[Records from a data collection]
+---+

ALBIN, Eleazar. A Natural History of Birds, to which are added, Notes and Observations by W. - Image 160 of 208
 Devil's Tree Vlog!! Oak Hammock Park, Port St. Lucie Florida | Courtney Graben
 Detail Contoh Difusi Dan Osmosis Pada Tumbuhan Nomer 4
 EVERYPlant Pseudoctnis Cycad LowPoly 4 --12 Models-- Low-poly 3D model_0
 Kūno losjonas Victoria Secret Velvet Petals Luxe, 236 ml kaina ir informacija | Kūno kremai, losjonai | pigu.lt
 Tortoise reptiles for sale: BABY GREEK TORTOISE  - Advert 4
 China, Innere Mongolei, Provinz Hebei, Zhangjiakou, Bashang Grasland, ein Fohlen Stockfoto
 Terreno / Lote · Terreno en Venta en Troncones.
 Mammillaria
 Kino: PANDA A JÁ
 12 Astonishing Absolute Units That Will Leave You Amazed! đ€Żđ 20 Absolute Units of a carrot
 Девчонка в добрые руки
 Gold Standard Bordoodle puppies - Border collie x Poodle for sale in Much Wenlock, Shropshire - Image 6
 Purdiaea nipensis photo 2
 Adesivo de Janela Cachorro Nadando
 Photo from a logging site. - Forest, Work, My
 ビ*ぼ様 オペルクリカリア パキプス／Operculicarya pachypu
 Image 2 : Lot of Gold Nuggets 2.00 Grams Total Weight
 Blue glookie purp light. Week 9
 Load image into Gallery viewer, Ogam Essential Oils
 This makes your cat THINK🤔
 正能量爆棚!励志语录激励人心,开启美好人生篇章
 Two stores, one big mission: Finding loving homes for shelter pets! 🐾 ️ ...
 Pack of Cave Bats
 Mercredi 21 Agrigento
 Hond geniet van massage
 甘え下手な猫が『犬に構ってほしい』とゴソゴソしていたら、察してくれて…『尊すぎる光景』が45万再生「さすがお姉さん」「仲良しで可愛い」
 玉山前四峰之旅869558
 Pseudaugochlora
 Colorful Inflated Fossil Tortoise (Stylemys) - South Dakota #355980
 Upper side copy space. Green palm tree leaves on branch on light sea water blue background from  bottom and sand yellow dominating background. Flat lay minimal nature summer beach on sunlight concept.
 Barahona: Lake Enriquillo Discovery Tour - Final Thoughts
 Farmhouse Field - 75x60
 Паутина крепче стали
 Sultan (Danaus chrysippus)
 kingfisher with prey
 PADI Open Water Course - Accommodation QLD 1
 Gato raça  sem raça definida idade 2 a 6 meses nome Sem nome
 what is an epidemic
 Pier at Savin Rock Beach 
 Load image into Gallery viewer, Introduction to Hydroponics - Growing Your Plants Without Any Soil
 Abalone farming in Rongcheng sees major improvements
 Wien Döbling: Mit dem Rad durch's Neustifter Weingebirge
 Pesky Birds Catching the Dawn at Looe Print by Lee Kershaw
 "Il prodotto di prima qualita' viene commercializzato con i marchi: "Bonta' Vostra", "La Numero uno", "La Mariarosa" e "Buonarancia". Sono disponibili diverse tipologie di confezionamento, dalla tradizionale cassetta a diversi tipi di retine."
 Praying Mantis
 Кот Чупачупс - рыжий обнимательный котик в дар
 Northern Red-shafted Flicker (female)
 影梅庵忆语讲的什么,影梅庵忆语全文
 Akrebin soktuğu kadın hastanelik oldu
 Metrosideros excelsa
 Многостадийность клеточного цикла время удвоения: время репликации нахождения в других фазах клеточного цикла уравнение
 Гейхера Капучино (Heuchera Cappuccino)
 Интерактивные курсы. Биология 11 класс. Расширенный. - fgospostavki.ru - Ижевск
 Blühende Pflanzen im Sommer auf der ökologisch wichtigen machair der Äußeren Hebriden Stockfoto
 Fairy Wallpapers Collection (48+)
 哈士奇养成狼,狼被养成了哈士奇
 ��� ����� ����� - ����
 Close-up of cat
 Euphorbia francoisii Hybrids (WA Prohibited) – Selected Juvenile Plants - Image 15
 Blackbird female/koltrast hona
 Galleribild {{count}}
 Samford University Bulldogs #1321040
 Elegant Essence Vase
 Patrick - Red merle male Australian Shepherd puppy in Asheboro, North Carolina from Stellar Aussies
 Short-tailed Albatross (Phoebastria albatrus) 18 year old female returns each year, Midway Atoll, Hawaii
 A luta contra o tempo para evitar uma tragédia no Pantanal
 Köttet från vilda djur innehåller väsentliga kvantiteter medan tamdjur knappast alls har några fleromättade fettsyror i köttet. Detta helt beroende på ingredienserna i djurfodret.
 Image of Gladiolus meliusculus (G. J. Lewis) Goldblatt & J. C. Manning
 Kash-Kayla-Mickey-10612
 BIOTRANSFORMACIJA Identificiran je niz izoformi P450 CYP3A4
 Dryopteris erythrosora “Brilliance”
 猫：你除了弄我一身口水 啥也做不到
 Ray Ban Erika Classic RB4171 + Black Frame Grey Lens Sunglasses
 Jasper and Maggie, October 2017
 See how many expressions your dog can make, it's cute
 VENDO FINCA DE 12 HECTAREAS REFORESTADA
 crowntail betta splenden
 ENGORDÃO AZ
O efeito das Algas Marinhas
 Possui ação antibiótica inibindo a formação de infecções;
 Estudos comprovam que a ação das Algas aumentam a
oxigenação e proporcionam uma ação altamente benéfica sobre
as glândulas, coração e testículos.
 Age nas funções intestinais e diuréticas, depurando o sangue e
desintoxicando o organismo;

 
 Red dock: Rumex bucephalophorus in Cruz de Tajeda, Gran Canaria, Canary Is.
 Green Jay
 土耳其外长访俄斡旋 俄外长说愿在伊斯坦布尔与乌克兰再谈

+---+

WHAT IS EXPECTED: Copy the records above exactly, beginning at the line that contains "正能量爆棚!励志语录激励人心,开启美好人生篇章" and stopping after the line that contains "Colorful Inflated Fossil".

TASK RESPONSE:
 正能量爆棚!励志语录激励人心,开启美好人生篇章
 Two stores, one big mission: Finding loving homes for shelter pets! 🐾 ️ ...
 Pack of Cave Bats
 Mercredi 21 Agrigento
 Hond geniet van massage
 甘え下手な猫が『犬に構ってほしい』とゴソゴソしていたら、察してくれて…『尊すぎる光景』が45万再生「さすがお姉さん」「仲良しで可愛い」
 玉山前四峰之旅869558
 Pseudaugochlora
 Colorful Inflated Fossil Tortoise (Stylemys) - South Dakota #355980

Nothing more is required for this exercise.